Employment in Thailand has slowed from a 2.4 percent increase in the previous three months after rising 1.7 percent from a year earlier. Thailand’s economy grew 1.8 percent in the April-June period year-on-year, and 0.2 percent quarter-on-quarter.
Southeast Asia’s second-largest economy slowed sharply from the first quarter due to weaker exports and investment. According to the National Economic and Social Development Council (NESDC), Thailand’s jobless rate in the April-June period was at 1.06 percent, compared to 1.05 percent in January-March. It said the economy was mainly driven by the acceleration of private consumption despite the slowdown of private investment and export of services.
Weak global demand, particularly from China, has seen a drop in exports in Thailand. In the April-June quarter, exports of goods contracted 5.7 percent, extending a 6.4 percent fall in the previous quarter because of drooping global demand. An analyst said the fall in exports is expected to deepen as the weak economic outlook in China means a greater drop in exports in the second half of the year.
As such, the NESDC predicts the Thai economy to grow 2.5 percent to 3.0 percent this year, down from the previous forecast range of 2.7 percent to 3.7 percent. It says an improvement in the labor market will help boost household incomes and consumption. Moreover, the political uncertainty in Thailand is a key negative factor, likely to impact the country’s economy in the third and fourth quarters.

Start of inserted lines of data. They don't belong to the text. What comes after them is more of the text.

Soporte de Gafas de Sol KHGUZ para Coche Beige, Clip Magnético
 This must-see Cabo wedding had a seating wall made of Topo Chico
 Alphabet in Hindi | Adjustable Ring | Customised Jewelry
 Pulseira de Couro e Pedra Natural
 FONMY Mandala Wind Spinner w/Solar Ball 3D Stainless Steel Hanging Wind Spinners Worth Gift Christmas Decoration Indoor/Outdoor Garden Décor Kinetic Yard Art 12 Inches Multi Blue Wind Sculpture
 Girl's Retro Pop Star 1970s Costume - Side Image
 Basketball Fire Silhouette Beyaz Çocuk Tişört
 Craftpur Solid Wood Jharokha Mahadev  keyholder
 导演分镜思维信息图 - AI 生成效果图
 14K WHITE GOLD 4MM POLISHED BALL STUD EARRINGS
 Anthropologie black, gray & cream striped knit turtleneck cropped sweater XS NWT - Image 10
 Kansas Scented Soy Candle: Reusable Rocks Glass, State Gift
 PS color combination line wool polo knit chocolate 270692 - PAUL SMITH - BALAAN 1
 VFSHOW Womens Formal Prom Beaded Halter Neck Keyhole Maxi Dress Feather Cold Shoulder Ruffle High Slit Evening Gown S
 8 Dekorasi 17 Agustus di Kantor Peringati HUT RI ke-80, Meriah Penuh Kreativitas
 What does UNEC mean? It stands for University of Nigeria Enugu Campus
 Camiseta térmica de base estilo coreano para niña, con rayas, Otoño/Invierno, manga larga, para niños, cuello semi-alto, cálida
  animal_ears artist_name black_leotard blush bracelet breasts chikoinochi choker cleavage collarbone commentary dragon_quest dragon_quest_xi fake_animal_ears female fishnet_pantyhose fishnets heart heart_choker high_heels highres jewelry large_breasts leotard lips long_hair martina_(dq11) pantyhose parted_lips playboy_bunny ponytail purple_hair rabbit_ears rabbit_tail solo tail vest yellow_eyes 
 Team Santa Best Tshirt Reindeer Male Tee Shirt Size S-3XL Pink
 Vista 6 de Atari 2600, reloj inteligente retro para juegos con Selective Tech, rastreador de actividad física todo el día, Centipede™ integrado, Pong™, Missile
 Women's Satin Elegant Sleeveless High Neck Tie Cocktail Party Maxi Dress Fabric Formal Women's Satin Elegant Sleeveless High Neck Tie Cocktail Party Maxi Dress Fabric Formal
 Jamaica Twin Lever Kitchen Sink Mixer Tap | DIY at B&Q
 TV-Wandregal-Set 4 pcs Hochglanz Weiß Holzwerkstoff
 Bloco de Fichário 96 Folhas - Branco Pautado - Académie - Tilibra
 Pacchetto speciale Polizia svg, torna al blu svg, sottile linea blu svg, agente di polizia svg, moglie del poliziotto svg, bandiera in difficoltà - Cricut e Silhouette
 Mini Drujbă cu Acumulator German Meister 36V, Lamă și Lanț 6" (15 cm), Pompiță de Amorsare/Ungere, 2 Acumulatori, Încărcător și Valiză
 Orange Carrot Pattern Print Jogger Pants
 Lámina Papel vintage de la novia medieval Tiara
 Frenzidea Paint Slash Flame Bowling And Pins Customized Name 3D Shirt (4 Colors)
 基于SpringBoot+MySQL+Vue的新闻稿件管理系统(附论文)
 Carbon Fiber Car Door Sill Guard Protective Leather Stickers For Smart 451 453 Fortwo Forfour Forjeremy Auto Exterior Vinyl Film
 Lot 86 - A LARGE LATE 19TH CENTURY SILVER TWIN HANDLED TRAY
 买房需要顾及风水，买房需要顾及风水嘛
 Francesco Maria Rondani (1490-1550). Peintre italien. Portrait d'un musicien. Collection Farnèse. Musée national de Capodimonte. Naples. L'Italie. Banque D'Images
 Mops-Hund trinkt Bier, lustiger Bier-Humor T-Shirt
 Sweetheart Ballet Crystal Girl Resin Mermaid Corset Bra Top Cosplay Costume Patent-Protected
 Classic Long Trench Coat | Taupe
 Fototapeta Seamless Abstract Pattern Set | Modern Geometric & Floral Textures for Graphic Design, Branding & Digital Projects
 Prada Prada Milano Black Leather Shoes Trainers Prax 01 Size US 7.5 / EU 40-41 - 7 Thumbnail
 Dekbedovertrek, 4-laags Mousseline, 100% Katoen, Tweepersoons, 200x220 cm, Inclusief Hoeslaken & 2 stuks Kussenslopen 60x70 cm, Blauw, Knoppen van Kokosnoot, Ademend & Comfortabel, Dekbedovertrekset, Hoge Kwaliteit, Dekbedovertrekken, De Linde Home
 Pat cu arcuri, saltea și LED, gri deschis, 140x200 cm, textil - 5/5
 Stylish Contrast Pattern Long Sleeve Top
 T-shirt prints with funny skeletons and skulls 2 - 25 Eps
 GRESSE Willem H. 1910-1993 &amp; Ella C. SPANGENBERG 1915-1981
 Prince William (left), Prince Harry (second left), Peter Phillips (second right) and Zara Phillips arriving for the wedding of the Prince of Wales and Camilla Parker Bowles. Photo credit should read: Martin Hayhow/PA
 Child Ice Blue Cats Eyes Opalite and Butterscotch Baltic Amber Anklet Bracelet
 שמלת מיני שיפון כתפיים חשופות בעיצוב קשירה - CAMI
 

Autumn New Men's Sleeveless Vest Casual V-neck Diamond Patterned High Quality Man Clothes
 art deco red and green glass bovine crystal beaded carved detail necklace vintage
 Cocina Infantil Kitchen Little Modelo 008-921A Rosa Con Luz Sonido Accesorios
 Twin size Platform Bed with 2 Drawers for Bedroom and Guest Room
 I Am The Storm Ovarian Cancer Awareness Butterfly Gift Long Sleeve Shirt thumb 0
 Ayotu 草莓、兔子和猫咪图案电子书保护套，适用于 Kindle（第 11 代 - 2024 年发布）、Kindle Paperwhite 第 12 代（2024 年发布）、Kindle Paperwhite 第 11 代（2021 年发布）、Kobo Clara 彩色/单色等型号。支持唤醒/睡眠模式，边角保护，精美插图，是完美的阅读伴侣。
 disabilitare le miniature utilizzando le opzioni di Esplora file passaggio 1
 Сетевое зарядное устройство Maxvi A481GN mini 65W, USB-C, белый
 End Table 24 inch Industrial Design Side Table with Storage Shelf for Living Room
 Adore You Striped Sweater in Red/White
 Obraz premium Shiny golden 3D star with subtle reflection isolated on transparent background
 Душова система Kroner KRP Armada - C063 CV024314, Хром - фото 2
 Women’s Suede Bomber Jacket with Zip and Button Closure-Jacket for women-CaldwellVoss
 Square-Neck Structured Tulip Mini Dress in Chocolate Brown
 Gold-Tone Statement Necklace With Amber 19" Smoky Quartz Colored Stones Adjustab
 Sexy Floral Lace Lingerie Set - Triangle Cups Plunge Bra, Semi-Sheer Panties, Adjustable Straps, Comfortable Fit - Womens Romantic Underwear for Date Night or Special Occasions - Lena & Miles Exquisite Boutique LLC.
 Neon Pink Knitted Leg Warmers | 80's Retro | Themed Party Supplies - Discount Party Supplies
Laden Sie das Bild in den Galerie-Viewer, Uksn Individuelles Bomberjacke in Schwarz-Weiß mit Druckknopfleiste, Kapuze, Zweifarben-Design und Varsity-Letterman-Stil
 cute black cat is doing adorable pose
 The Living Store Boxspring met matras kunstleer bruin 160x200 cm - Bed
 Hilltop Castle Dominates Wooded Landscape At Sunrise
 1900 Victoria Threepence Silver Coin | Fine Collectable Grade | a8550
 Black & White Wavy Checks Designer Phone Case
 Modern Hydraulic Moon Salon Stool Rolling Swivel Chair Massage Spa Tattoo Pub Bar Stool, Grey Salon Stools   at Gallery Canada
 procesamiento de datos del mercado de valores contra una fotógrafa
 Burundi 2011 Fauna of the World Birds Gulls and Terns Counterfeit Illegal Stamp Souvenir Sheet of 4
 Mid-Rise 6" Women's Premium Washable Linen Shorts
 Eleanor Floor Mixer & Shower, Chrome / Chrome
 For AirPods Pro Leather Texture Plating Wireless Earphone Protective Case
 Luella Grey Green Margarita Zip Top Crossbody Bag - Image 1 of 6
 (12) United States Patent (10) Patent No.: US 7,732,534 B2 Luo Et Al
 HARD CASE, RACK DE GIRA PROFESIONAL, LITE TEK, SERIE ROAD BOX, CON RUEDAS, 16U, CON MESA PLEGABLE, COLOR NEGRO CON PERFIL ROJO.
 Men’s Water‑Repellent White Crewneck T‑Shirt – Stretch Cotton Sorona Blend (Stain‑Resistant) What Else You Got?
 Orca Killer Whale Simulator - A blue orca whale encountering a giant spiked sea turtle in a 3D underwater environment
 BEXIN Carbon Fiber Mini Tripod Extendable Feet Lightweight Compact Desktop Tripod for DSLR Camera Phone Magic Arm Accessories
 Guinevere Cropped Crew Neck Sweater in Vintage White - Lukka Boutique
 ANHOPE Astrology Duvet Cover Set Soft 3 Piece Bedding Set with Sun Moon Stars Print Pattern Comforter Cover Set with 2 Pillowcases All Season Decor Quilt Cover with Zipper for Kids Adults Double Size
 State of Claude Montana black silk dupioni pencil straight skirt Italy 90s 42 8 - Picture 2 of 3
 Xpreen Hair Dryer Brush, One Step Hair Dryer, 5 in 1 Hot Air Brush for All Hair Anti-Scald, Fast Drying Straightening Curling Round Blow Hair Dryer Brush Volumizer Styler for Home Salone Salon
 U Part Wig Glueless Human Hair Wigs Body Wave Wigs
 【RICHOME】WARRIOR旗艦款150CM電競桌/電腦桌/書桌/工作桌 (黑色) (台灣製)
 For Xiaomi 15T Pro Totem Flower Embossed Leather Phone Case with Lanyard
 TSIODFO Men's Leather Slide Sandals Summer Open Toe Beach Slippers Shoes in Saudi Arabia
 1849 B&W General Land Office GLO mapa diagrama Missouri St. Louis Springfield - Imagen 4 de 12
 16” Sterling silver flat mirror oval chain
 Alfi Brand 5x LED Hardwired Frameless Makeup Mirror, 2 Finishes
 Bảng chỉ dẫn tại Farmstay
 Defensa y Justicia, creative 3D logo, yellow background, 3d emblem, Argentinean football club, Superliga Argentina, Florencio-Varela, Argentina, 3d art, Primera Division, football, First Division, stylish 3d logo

At the end of February 2023, Thailand’s unemployment rate dropped below one percent for the first time in four years. Thailand’s new prime minister Srettha Thavisin promised to restart the country’s ailing economy. He acknowledged weaker exports and attributed it to China’s slowdown. Thavisin vowed to revive Thailand’s economy. During the election campaign, he and his Pheu Thai party pledged 5 percent economic growth every year, and to raise daily minimum wages and increase farmers’ income.